Scraped caption text data:
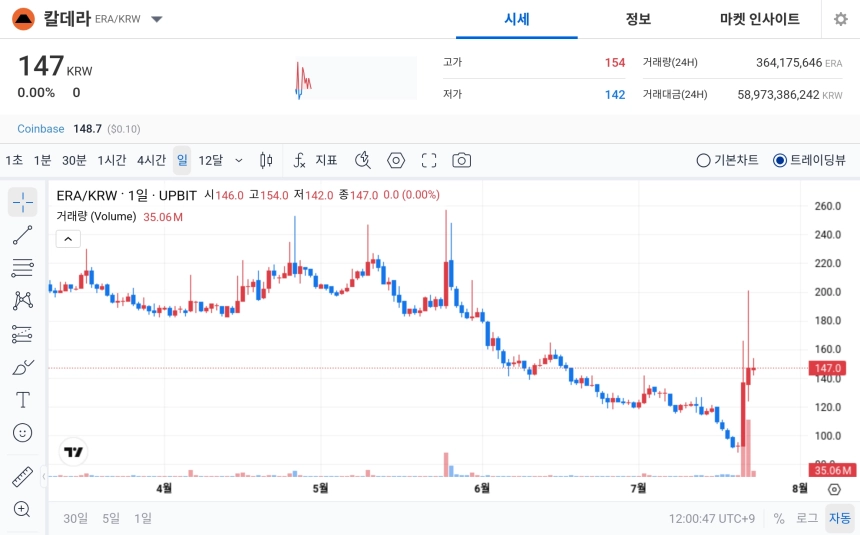 [오늘의 주목코인] 칼데라, 공포·탐욕 지수 1위 속 147원 보합…거래대금 상위권 주목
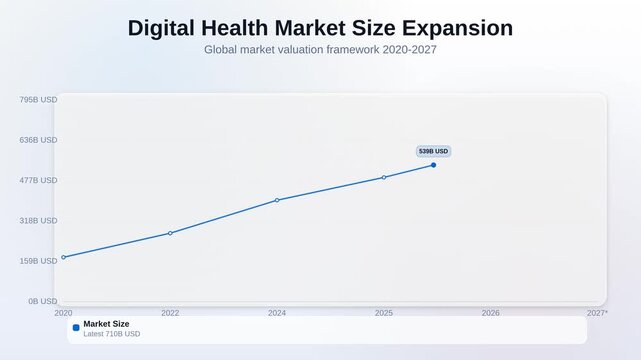 Animated line chart showing digital health market size expansion comparing global market valuation framework trends to 2027 forecast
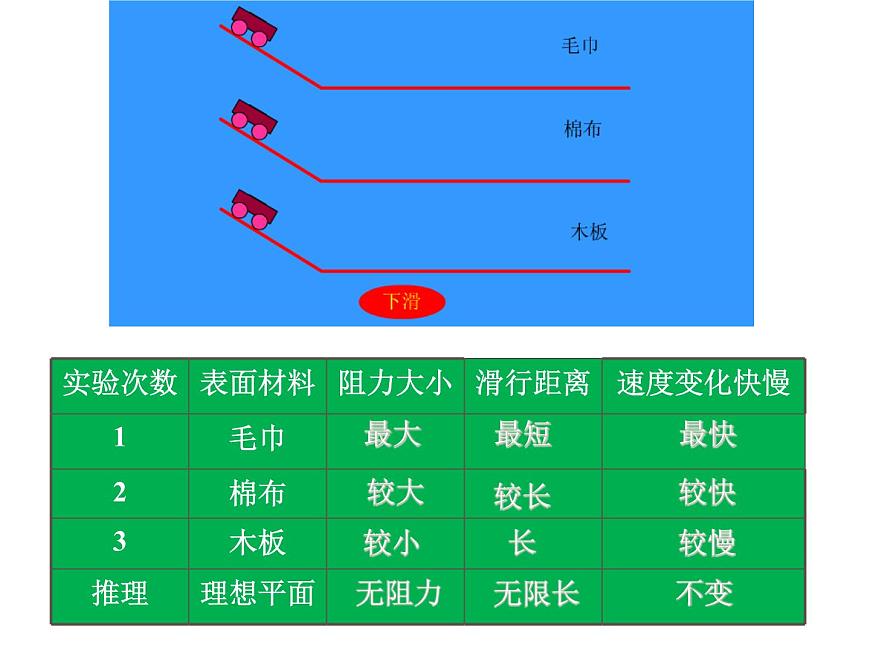 滬科版八年級(jí)全冊 物理 課件 7.1牛頓第一定律第6頁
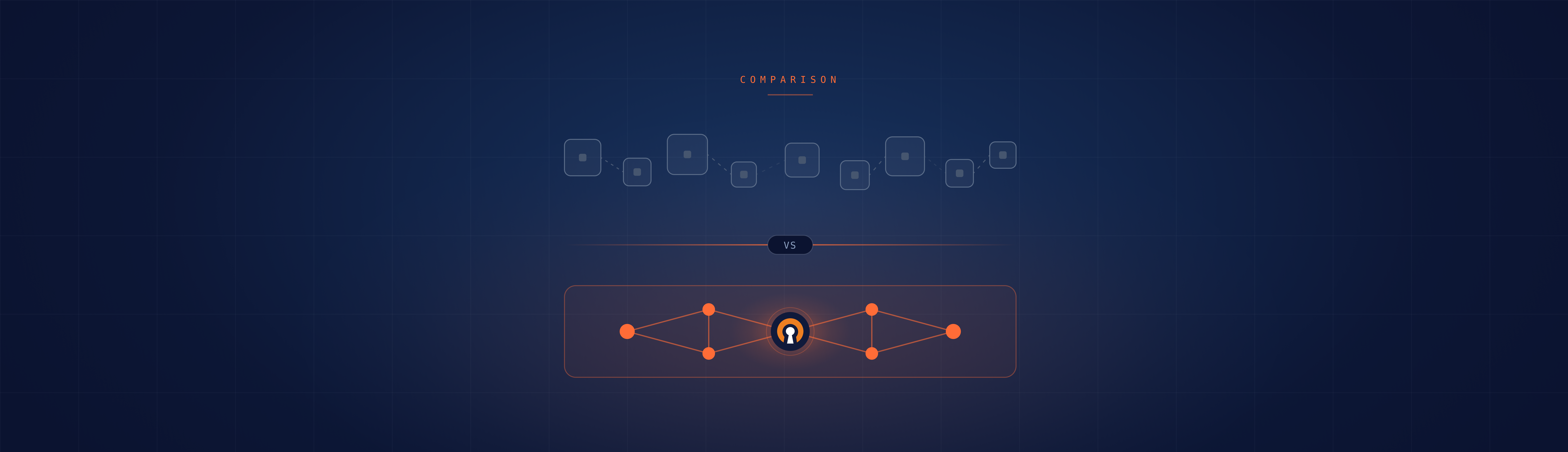 Replacing a Bastion Server with OpenVPN Access Server: Benefits of a Zero Trust Upgrade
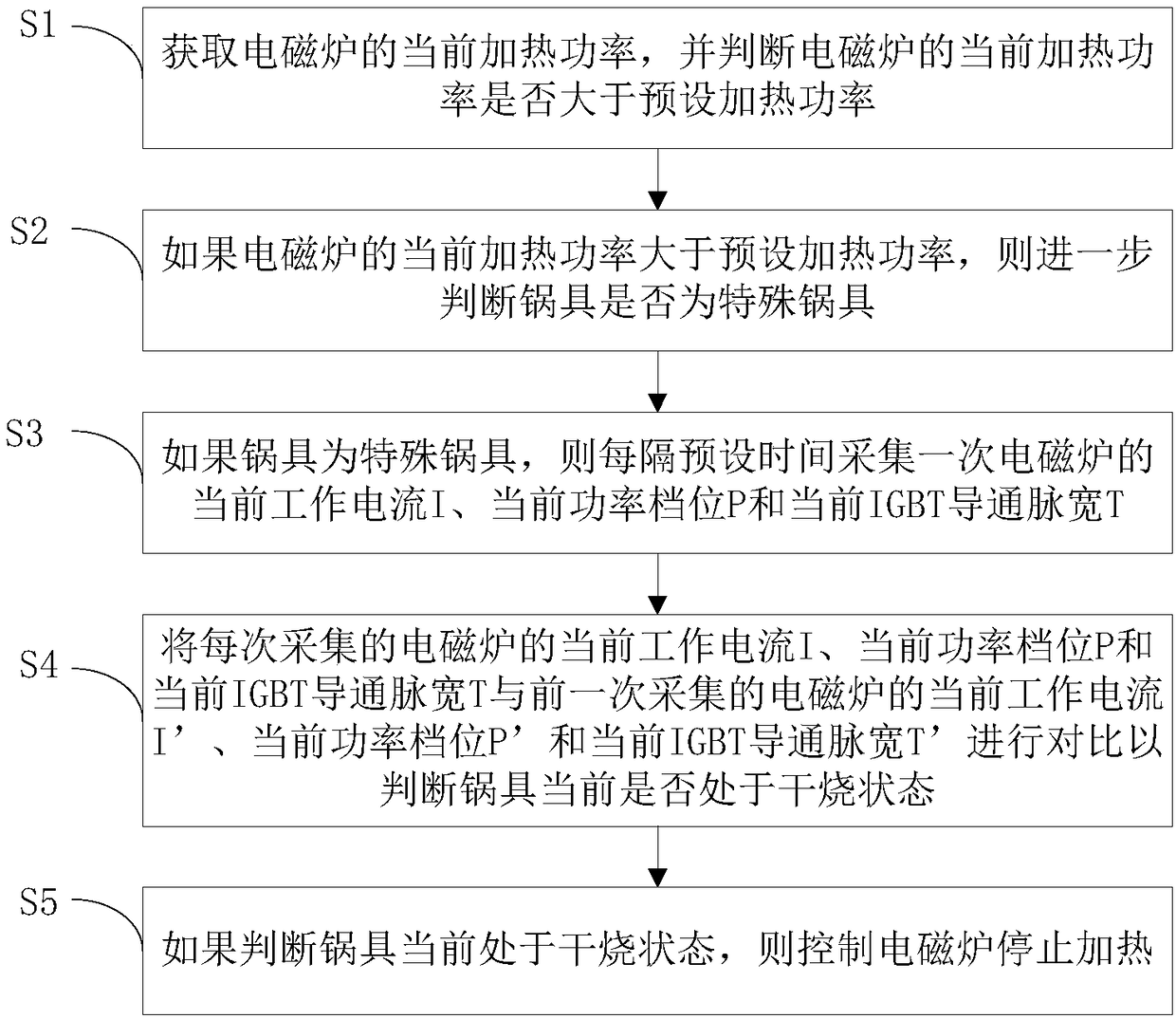 Control method and device for preventing cookware from dry burning, and induction cooker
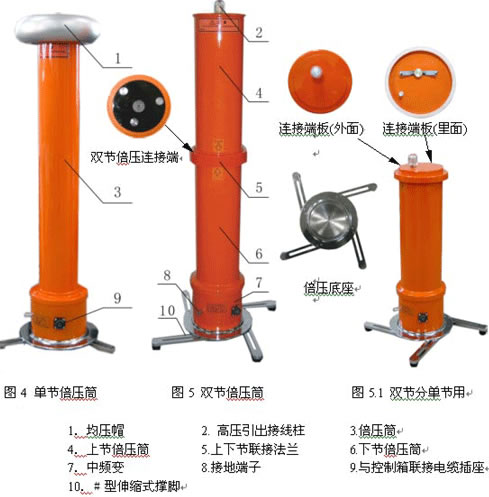 ֱ���߉��l(f��)������B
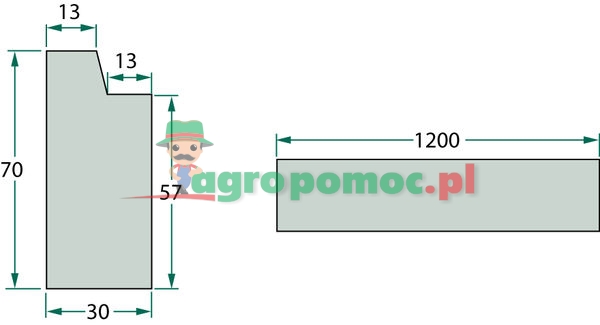 Guide rail | zdjęcie nr 2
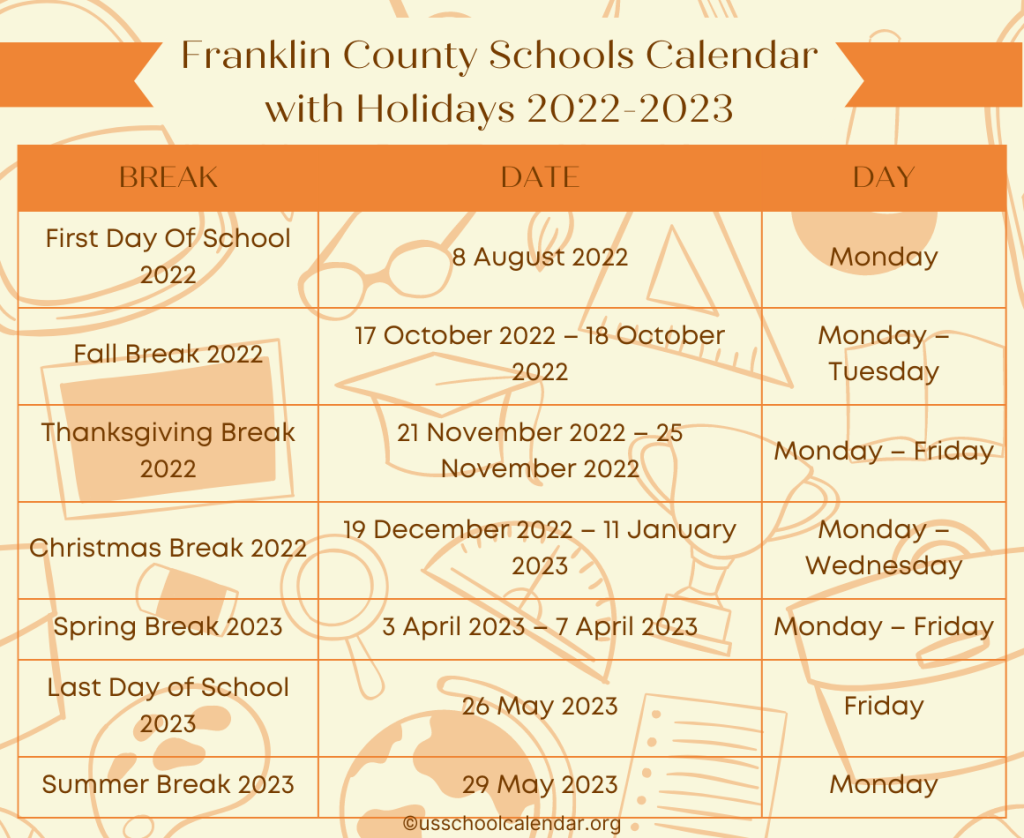 Franklin County Schools Calendar with Holidays 2022-2023
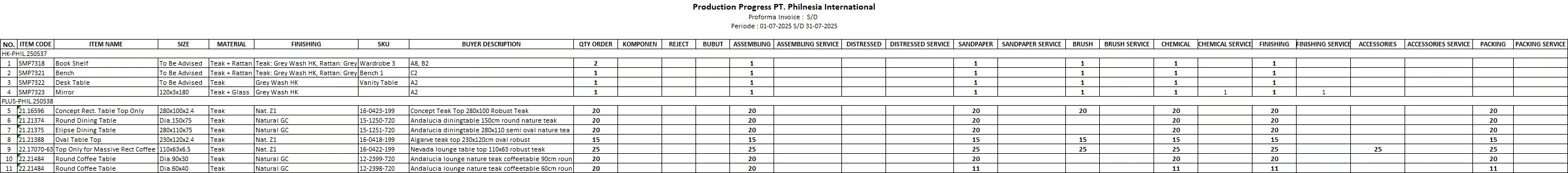 Production Progress Report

--- Task to complete ---
Every entry should come back exactly as written, only without images.

--- Answer to this problem ---
 [오늘의 주목코인] 칼데라, 공포·탐욕 지수 1위 속 147원 보합…거래대금 상위권 주목
 Animated line chart showing digital health market size expansion comparing global market valuation framework trends to 2027 forecast
 滬科版八年級(jí)全冊 物理 課件 7.1牛頓第一定律第6頁
 Replacing a Bastion Server with OpenVPN Access Server: Benefits of a Zero Trust Upgrade
 Control method and device for preventing cookware from dry burning, and induction cooker
 ֱ���߉��l(f��)������B
 Guide rail | zdjęcie nr 2
 Franklin County Schools Calendar with Holidays 2022-2023
 Production Progress Report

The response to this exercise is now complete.